Exercise details → Below is a listing. Copy each line of it that holds the word "with".

Information given Block Start

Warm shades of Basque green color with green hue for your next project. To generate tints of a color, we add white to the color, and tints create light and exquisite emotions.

Information given Block End
Information given Block Start

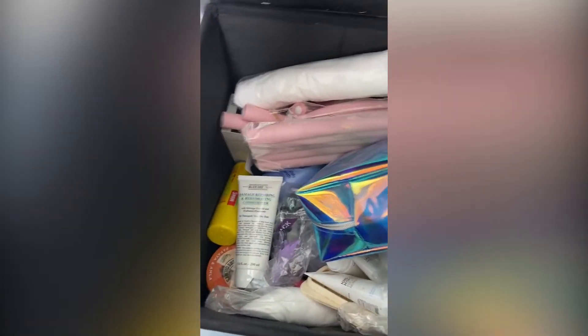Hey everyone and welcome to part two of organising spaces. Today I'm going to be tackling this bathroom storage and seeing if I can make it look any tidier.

Information given Block End
Information given Block Start

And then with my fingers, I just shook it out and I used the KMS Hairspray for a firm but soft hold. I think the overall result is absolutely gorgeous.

Information given Block End

Finished exercise →
Warm shades of Basque green color with green hue for your next project. To generate tints of a color, we add white to the color, and tints create light and exquisite emotions.
And then with my fingers, I just shook it out and I used the KMS Hairspray for a firm but soft hold. I think the overall result is absolutely gorgeous.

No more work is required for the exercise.